At De Anza High School’s law academy, students get preparation for professional world
on October 7, 2014
As the school bell rings, students at De Anza High School stream into the hallways and make their way to their next class. For a few students, this next class is a law academy, where they learn the foundational skills of the legal profession.
De Anza’s three-year-old law academy brings in practicing Bay Area lawyers to give students a real-life view of the legal world. Local district attorneys visit the classroom to mentor students and provide legal insights. The program is designed to give students a head start on a legal career, and it has already made an impact, with several students saying they intend to pursue legal studies.
“I feel like I’m an adult… I feel like I’m in the real world,” said Sonia Shakeel, a De Anza junior in her second year of the program.
Ariel Vega, a junior also in his second year of the program says the academy is only the beginning: he plans on continuing to study law after high school.
All De Anza freshmen have the opportunity to choose one of four academies to enroll in during their sophomore year. Besides law, options include a health academy, Information Technology Communication Education (ITCA), and Reserve Officers’ Training Corps (ROTC). Students can switch from one academy to another during their junior or senior year.
The law academy builds in diversity. As a federally funded program, it must roughly consist of an enrollment of fifty percent honor roll students and fifty percent at-risk students. The law academy currently has 120 students enrolled in the class.
Students say they are pleased with the instructors. De Anza senior and third year law academy student, Angelina Quilici praised her teacher, Tahitia Dean. “Ms. Dean is the type of teacher who, if you’re not inclined to learn, will push you and make things interesting for you to learn. She’s more than accommodating to help you succeed… and tries to bring [out] the best qualities of every person, despite if they’re at-risk or an honor student.”
Each year a big event on the law academy calendar is the mock trial competition.
Last year, De Anza placed second in West Contra Costa Unified School District’s (WCCUSD) Mock Trial competition, which involved five high schools. District attorneys score the teams.
“It’s the most rewarding experience,” said Quilici. “[Mock trials] have helped me be able to be confident in front of any group of people.”
In preparation for their mock trial competition this February, law academy students are studying case briefings and auditioning in various roles, such as being the case’s lead attorney.

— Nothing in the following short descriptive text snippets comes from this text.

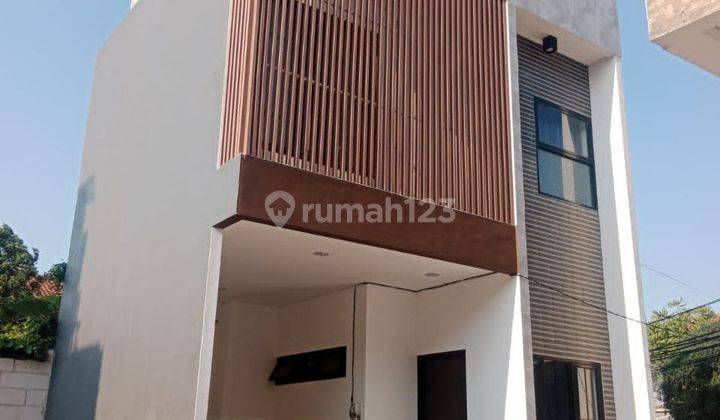 Jual Murah Rumah Minimalis 2 Lantai Utan Kayu Jakarta Timur 1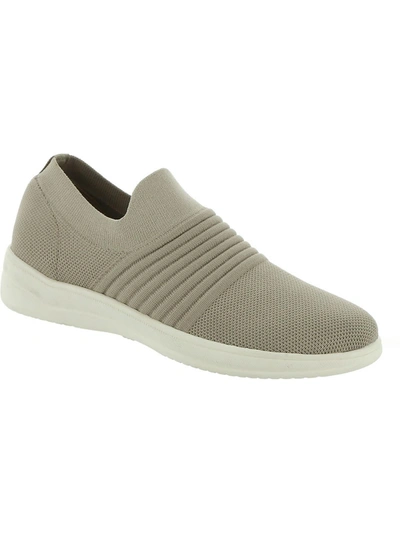Shop Array Gabby Womens Slip On Fashion Casual And Fashion Sneakers In Grey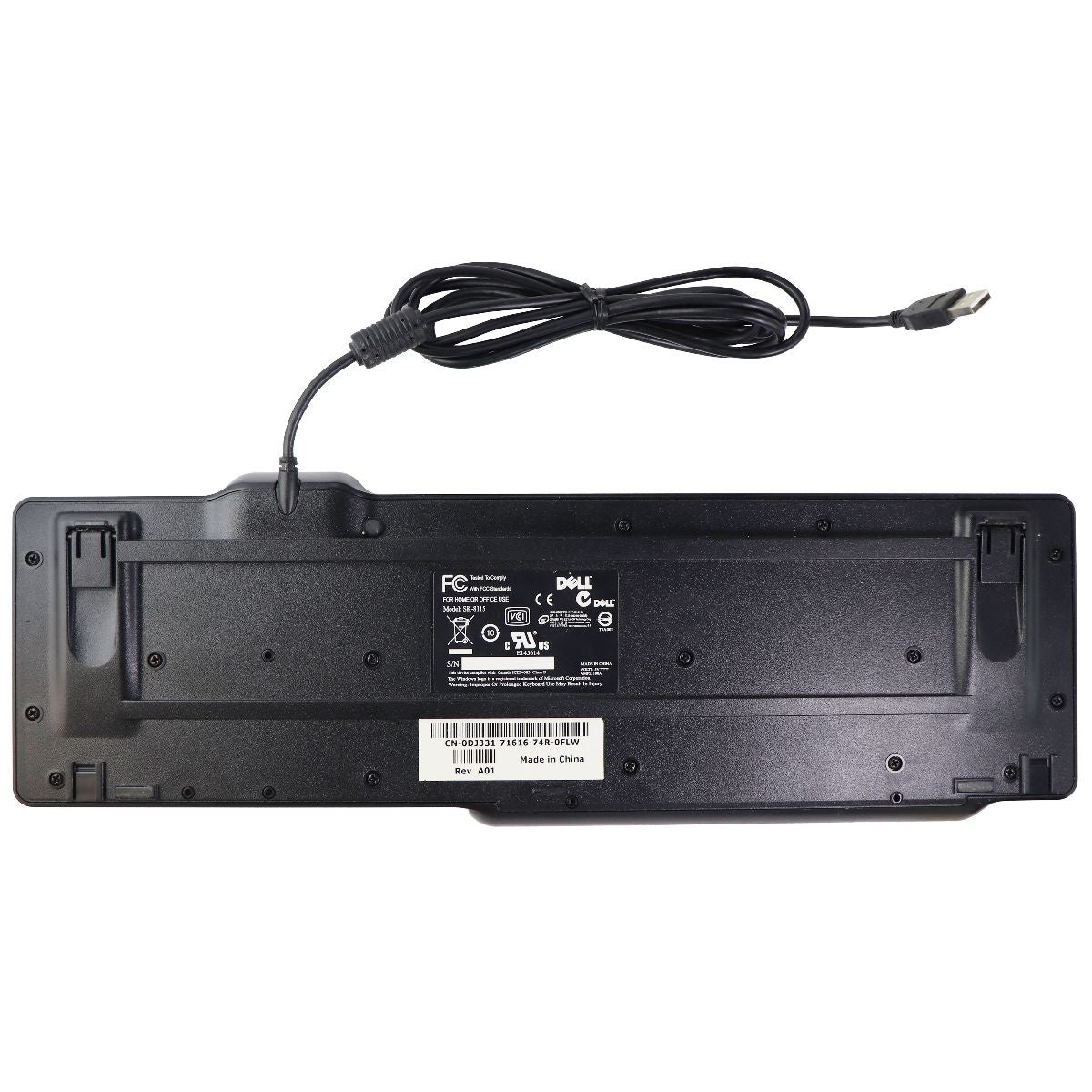 Dell Original USB Computer Keyboard for Windows & More - Black (SK-8115) Gaming/Console - Keyboards & Keypads Dell - Simple Cell Bulk Wholesale Pricing - USA Seller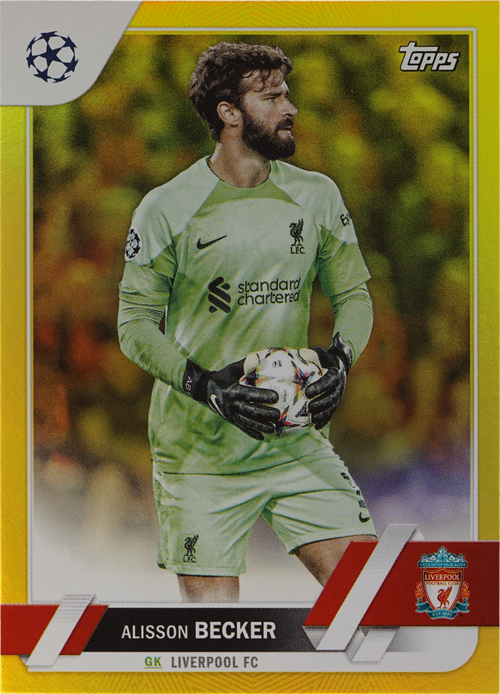 Alisson Becker trading card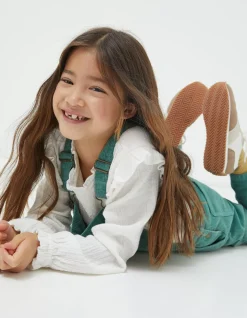 FatFace Cora Cord Dungaree Teal Green Best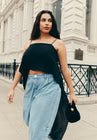 ELOQUII Cascading Crop Top
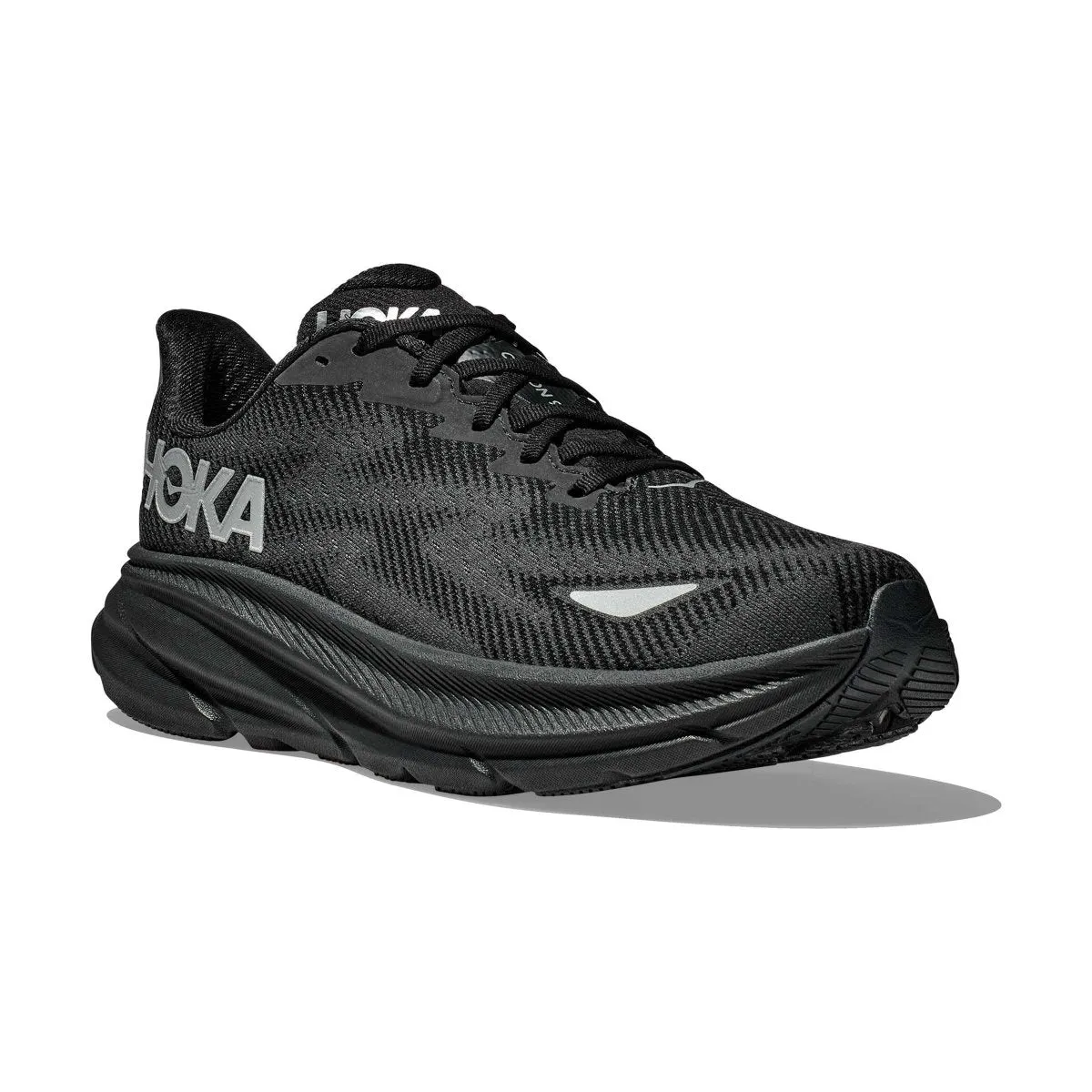 Hoka One One Women's Clifton 9 Black/Black Gore-Tex Hoka One One Shoes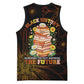 Black History Month Black African American Teachers Basketball Jersey Afrocentric Floral Art with Motivational Typography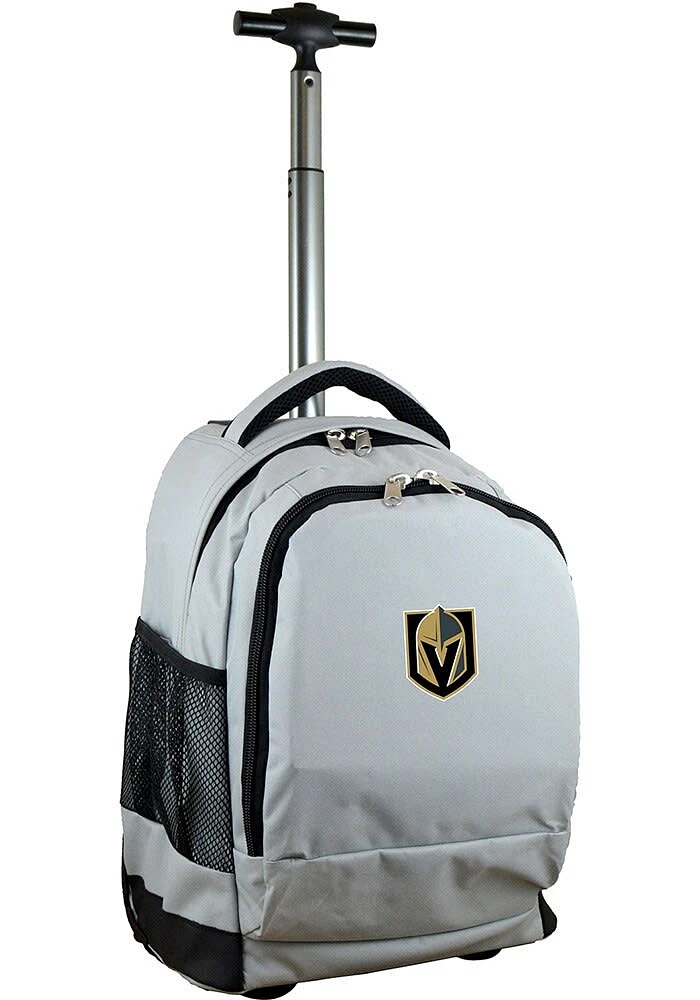Vegas Golden Knights Grey Wheeled Premium Backpack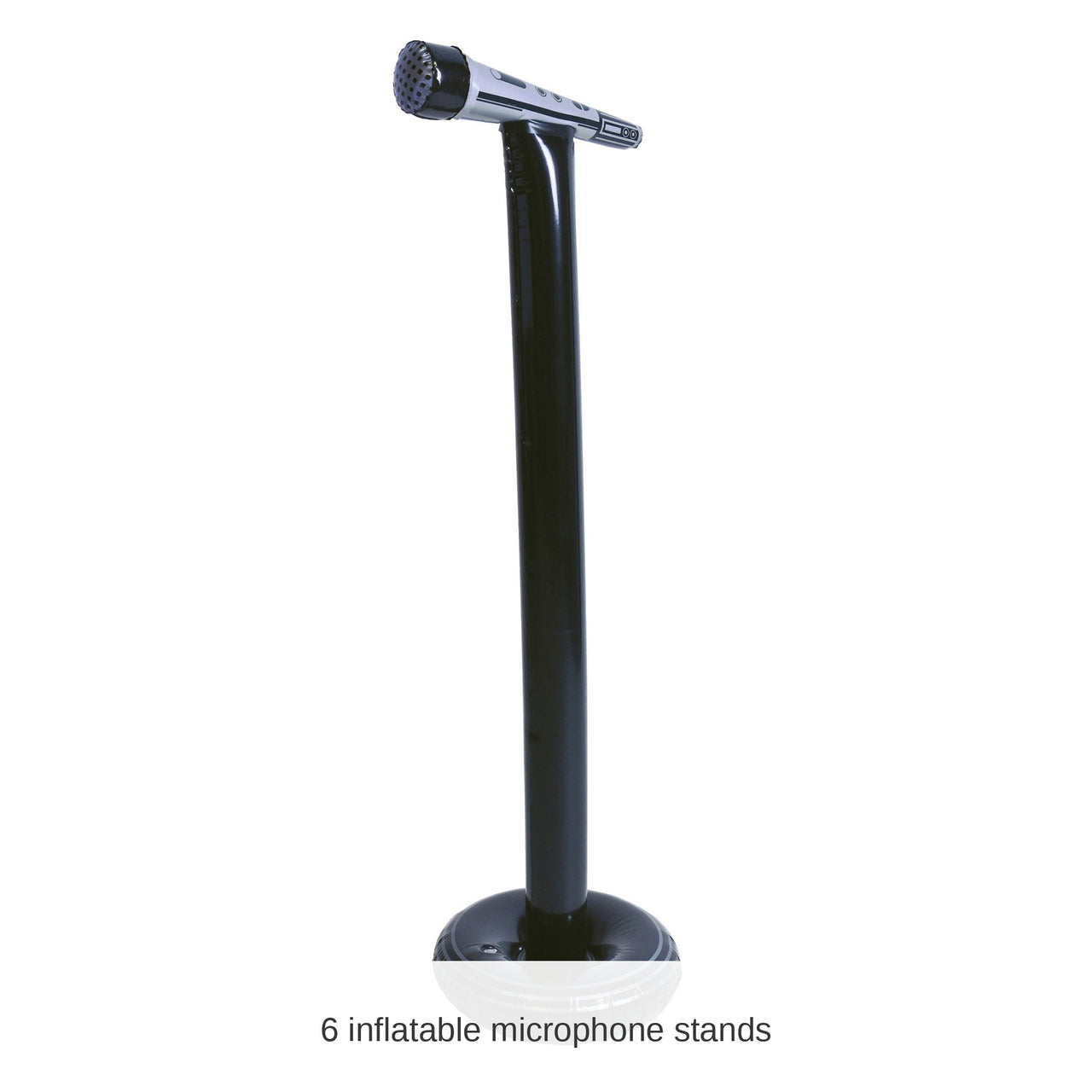 6 Pack Bulk Inflatable Microphone Stand 3 ft 11 inch Music Prop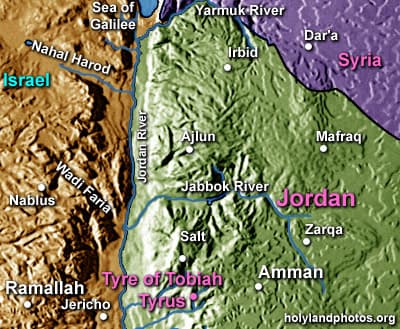 Map or image for Iraq el–Amir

The law academy is not only introducing students to the profession, but it may be the training ground for Richmond’s next district attorney.
Next week the law academy’s future building is expected to be named for former Alameda County Superior Court judge Henry Ramsey Jr. The late judge was the father of Charles Ramsey, President of the West Contra Costa Unified School District Board of Education.
The renaming will be recommended to the full Board of Education on October 15.